The present invention relates generally to an electrical analog of a pumping system and more specifically to an improved crank shaft driving source to be used with a capacitive model of a reciprocating compressor.
Installation or modification of natural gas or other fluid distribution systems requires consideration of a number of factors before work is undertaken. Variations in loads, distribution paths, pipe sizes and compressor speeds all have effects on operation of the system as a whole. Compression waves created in the gas by the operation of reciprocating pumps and compressors are especially troublesome as resonances can be set up in the system.
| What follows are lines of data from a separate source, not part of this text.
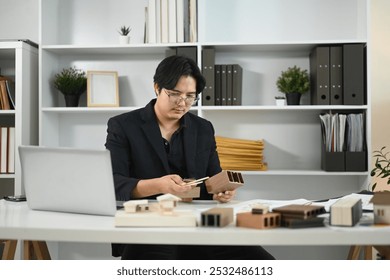 Professional interior designer examines various material samples in a modern workspace - Powered by Shutterstock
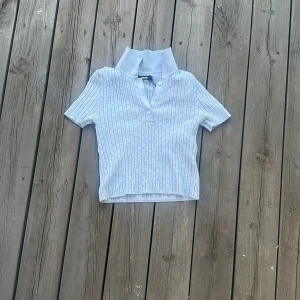 Ljusblå ribbad pikétröja BikBok XS - Supersöt ljusblå pikétröja från BikBok i ribbat material med små hålmönster. Tröjan har korta ärmar, klassisk krage och knappar framtill. Perfekt till jeans eller kjol för en fräsch look.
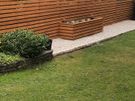 Custom timber garden fencing with integrated planters and bench Image 8
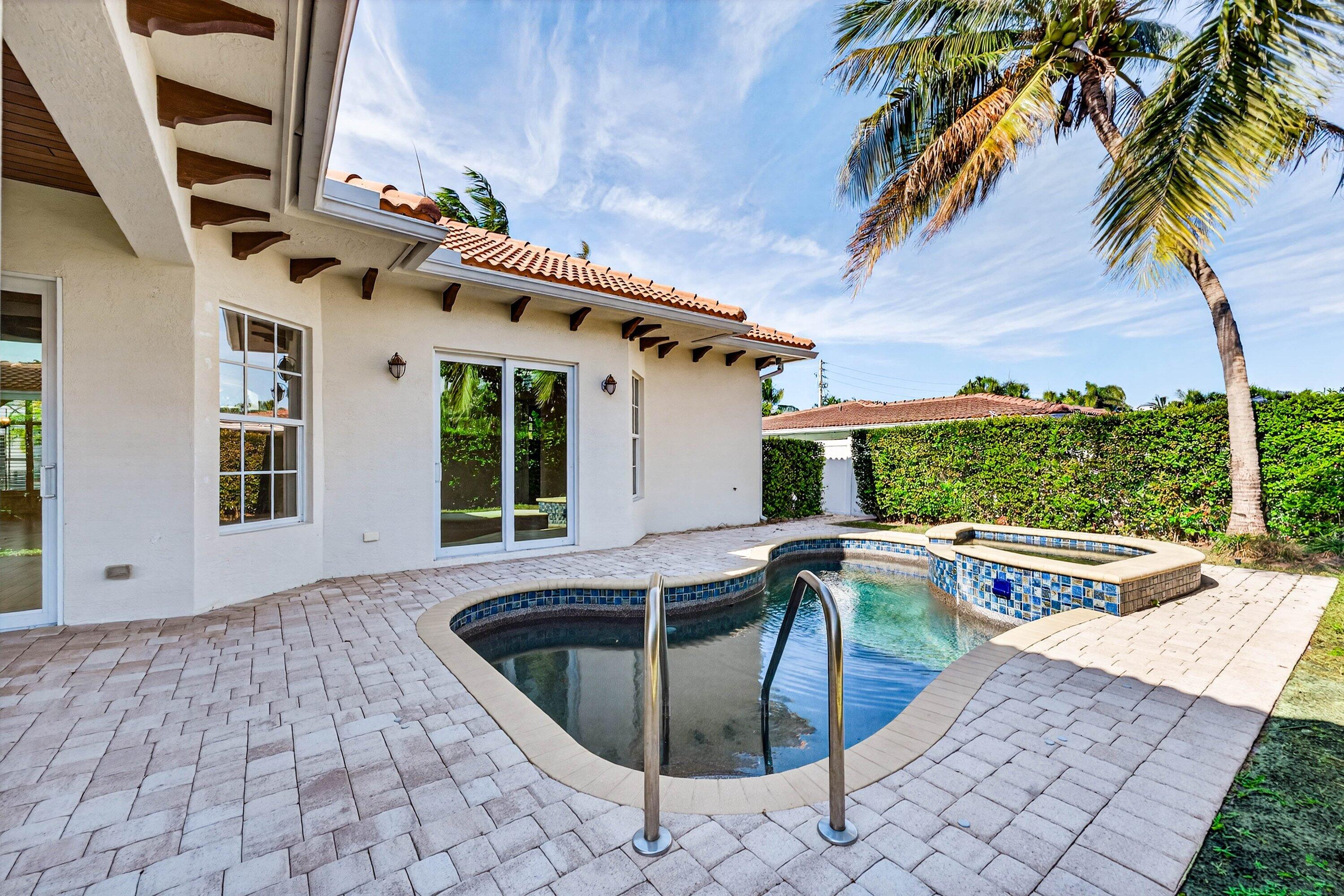 2920 Spanish River Road Boca Raton, FL 33432 - Photo 56 of 75 a view of a house with pool and sitting area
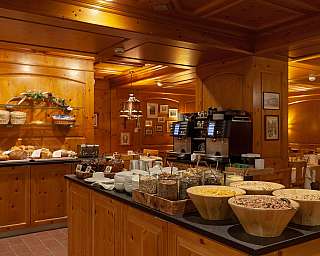Wooden interior with bread and breakfast buffet in the restaurant.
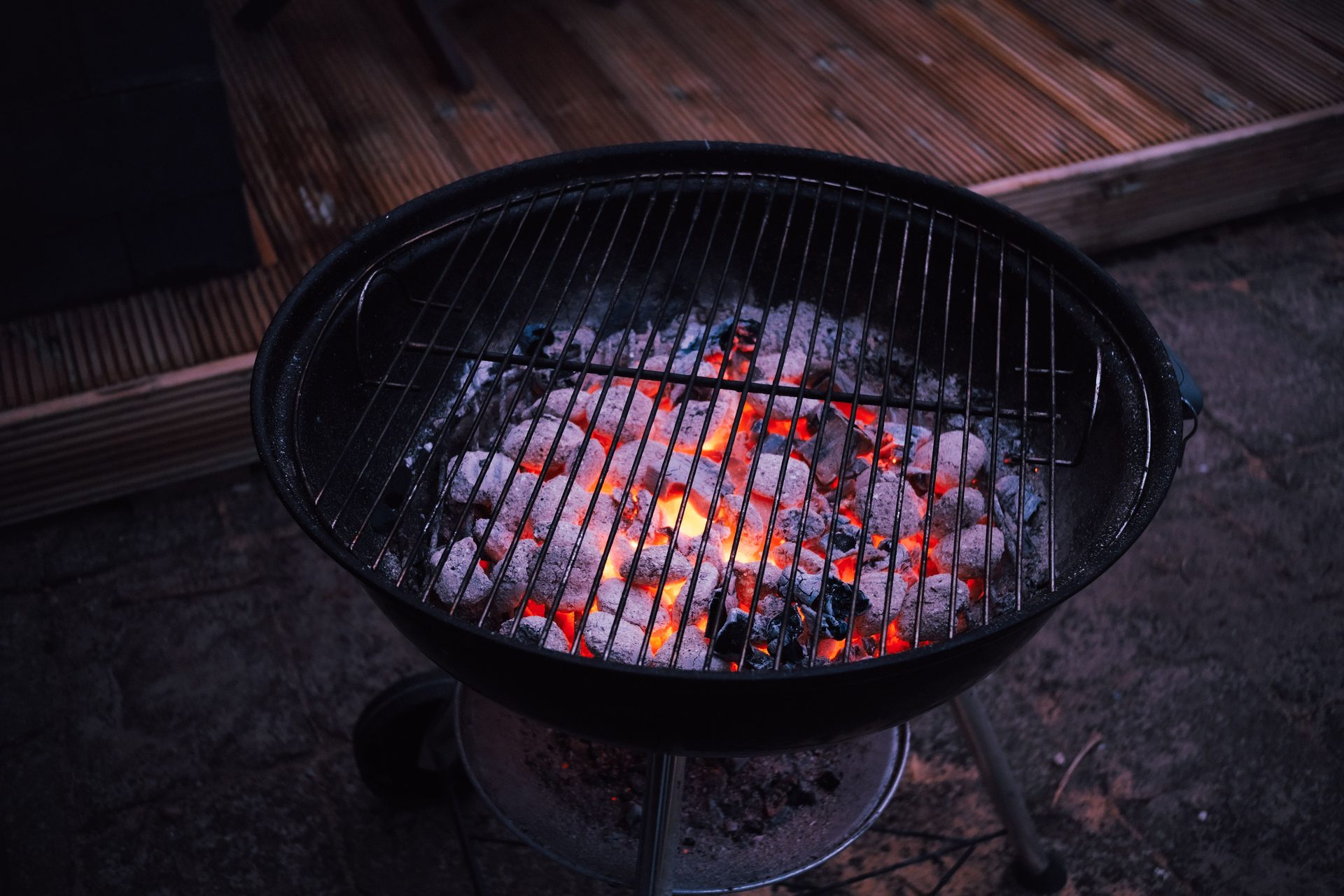 Kugelgrill von oben: Holzkohle mit grauem Ascheüberzug, rote Glut schimmert durch, leerer Rost darüber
This acoustical resonance increases metal fatigue and shortens the life of joints, valves and other components of the system.
To assist in planning for the control of undesirable pulsation and vibration of compressor and pipeline systems, an electrical analog of all fluid transfer components can be created. Present electrical systems analogize current to mass flow of the gas and voltage to pressure. Inductors, capacitors and resistors are used to model the mechanical properties of pipes and other components in the distribution system. A detailed model of a distribution system or subsystem can be set up and studied to predict the effects caused by changing various parameters in the operation of the distribution system. Examples of the use of gas pumping system analogs are found in U.S. Pat. Nos. 2,951,638 and 2,979,940.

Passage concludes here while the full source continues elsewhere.